*** Begin section ***

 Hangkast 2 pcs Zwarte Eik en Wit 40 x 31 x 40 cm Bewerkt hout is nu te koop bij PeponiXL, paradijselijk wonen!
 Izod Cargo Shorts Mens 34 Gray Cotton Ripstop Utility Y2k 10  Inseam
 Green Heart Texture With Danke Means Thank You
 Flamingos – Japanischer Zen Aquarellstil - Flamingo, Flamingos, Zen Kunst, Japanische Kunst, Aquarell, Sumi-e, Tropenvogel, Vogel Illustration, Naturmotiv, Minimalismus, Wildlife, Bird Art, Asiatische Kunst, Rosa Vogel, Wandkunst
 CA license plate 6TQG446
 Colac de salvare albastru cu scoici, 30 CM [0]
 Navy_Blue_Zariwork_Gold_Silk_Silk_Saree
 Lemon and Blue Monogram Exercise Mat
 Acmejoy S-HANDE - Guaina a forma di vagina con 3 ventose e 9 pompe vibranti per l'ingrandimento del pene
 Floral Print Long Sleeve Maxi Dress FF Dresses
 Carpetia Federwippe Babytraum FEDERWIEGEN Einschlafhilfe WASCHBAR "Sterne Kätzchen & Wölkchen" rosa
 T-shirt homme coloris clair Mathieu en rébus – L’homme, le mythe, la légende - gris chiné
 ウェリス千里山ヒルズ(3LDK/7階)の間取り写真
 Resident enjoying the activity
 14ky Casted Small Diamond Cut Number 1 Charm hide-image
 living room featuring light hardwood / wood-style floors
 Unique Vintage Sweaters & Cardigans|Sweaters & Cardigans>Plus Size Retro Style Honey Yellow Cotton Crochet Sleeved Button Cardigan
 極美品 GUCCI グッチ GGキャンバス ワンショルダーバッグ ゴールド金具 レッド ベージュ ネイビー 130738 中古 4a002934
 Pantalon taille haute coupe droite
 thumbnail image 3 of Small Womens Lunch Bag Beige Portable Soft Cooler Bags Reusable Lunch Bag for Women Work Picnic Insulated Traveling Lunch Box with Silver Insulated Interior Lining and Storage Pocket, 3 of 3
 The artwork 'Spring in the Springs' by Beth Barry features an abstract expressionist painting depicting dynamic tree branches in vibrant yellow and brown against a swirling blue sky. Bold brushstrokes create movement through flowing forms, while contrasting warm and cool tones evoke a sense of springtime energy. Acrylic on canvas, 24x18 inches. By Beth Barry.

*** End section ***

● **Your task**:
From the records, copy every line that has the string "Cotton" in it.

● **Solution to this exercise**:
 Izod Cargo Shorts Mens 34 Gray Cotton Ripstop Utility Y2k 10  Inseam
 Unique Vintage Sweaters & Cardigans|Sweaters & Cardigans>Plus Size Retro Style Honey Yellow Cotton Crochet Sleeved Button Cardigan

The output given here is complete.